▶ **What to work on**
Begin at the line below that holds "Fototapeta premium Railroad" and end at the line that holds "des boucles d'oreilles", transcribing each line exactly and skipping any picture.

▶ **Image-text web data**
=====

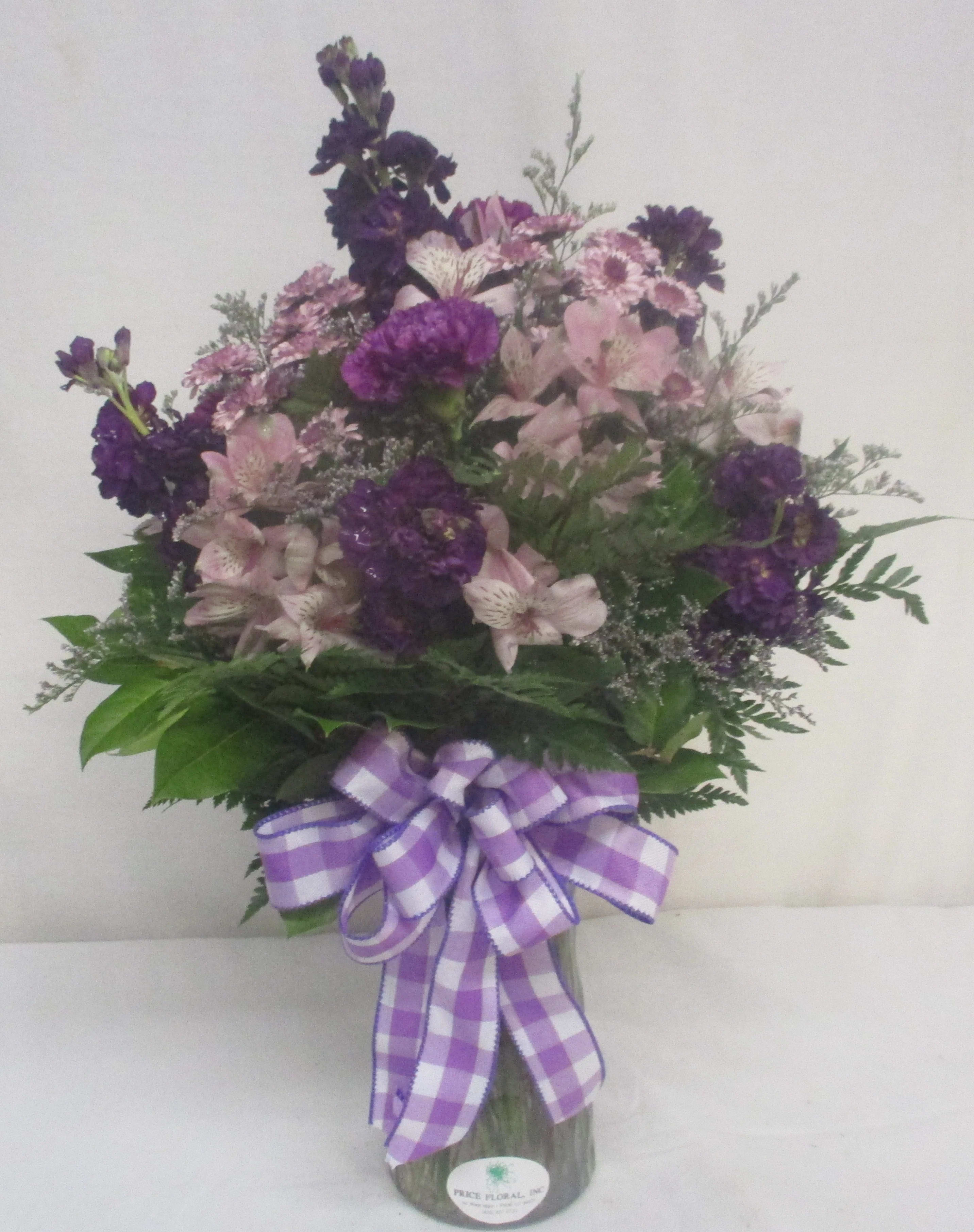Purple and pink mixed bouquet in a glass vase with a checkered ribbon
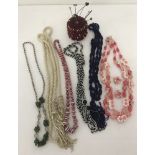 A collection of vintage and retro glass and plastic bead necklaces.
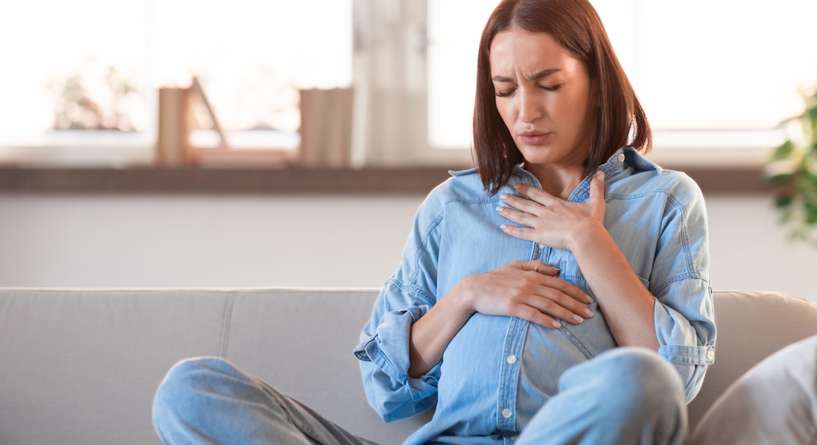 امرأة حامل تبدو منزعجة من الارتجاع المريئي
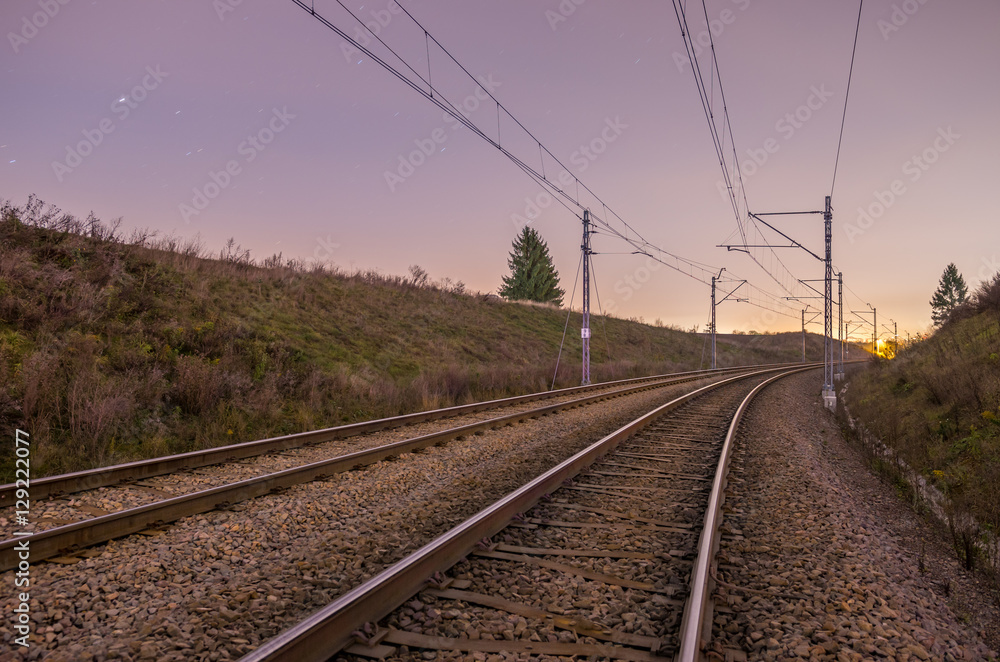 Fototapeta premium Railroad track in the night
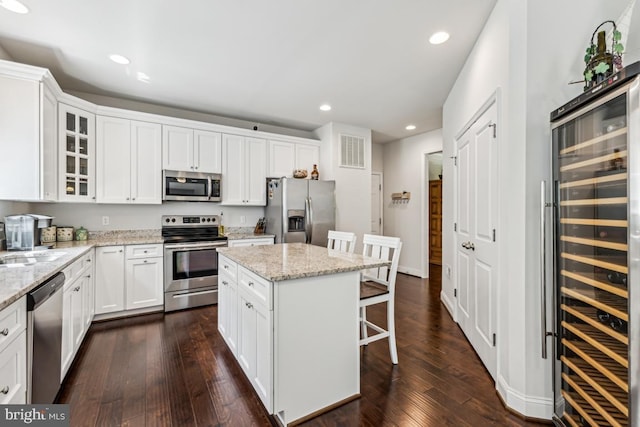 435 Potomac Run Rd, Fredericksburg, VA 22405 - kitchen with appliances with stainless steel finishes, beverage cooler, a breakfast bar, glass insert cabinets, and white cabinetry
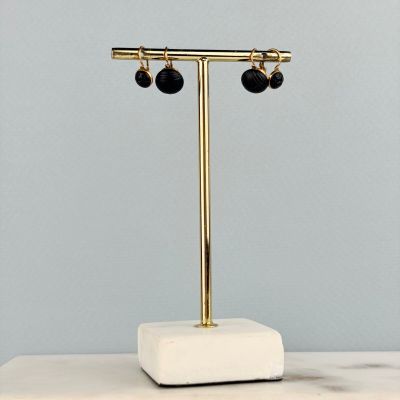 des boucles d'oreilles dorées et noires posées sur un socle en marbre, lui-même posé sur une table en marbre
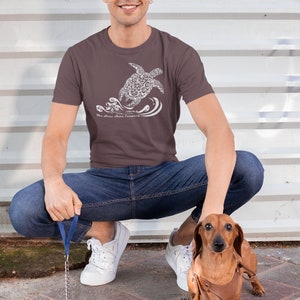 Puede incluir: Un hombre lleva una camiseta marr&oacute;n con un gr&aacute;fico blanco de una tortuga nadando en el oc&eacute;ano. La camiseta tiene el texto "The Ocean Tribe Company" impreso en ella. Est&aacute; en cuclillas y sostiene una correa atada a un dachshund marr&oacute;n.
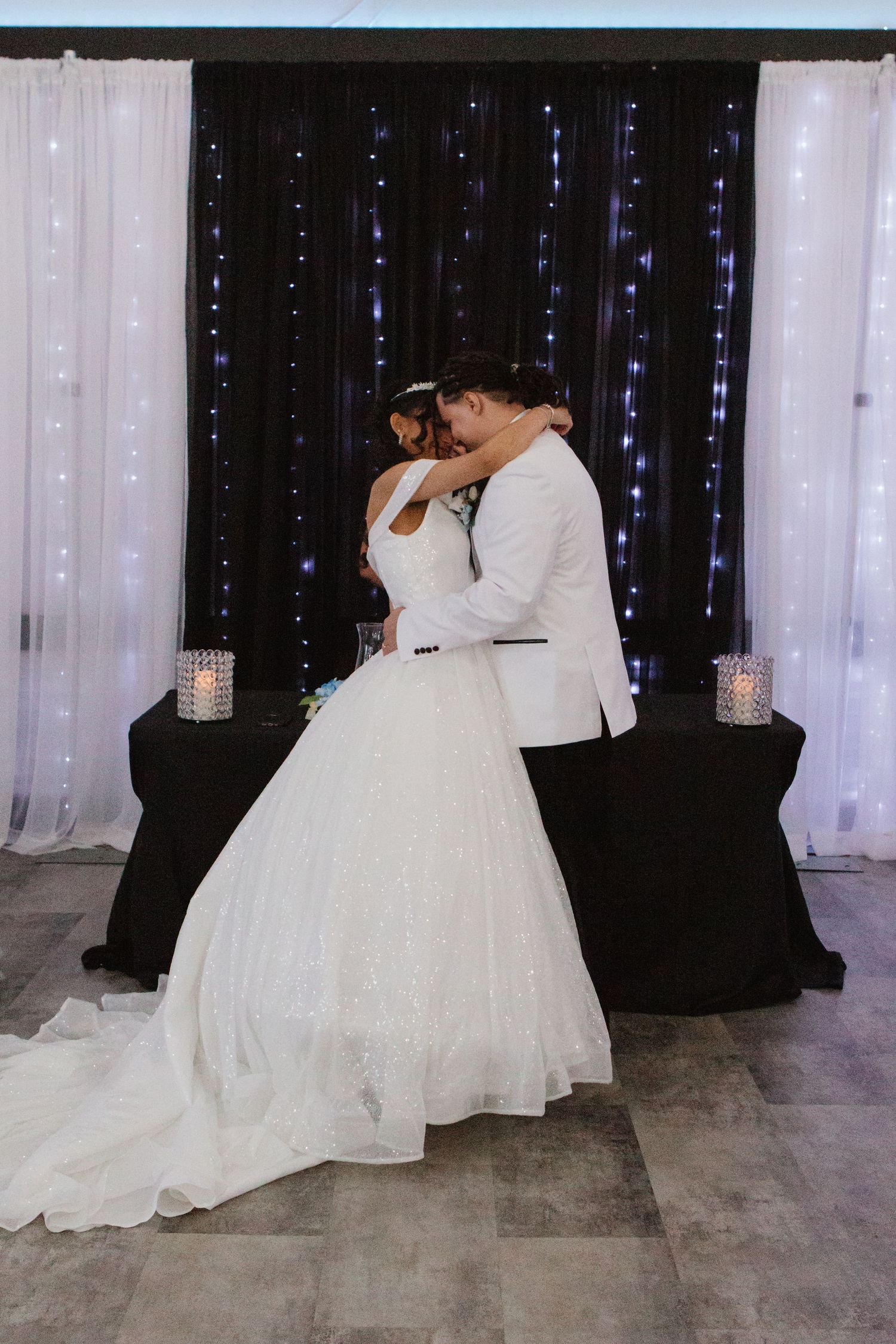 Bride and groom share a romantic kiss on the dance floor in front of a black and white curtain backdrop with fairy lights.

=====

▶ **Expected output**
 Fototapeta premium Railroad track in the night
 435 Potomac Run Rd, Fredericksburg, VA 22405 - kitchen with appliances with stainless steel finishes, beverage cooler, a breakfast bar, glass insert cabinets, and white cabinetry
 des boucles d'oreilles dorées et noires posées sur un socle en marbre, lui-même posé sur une table en marbre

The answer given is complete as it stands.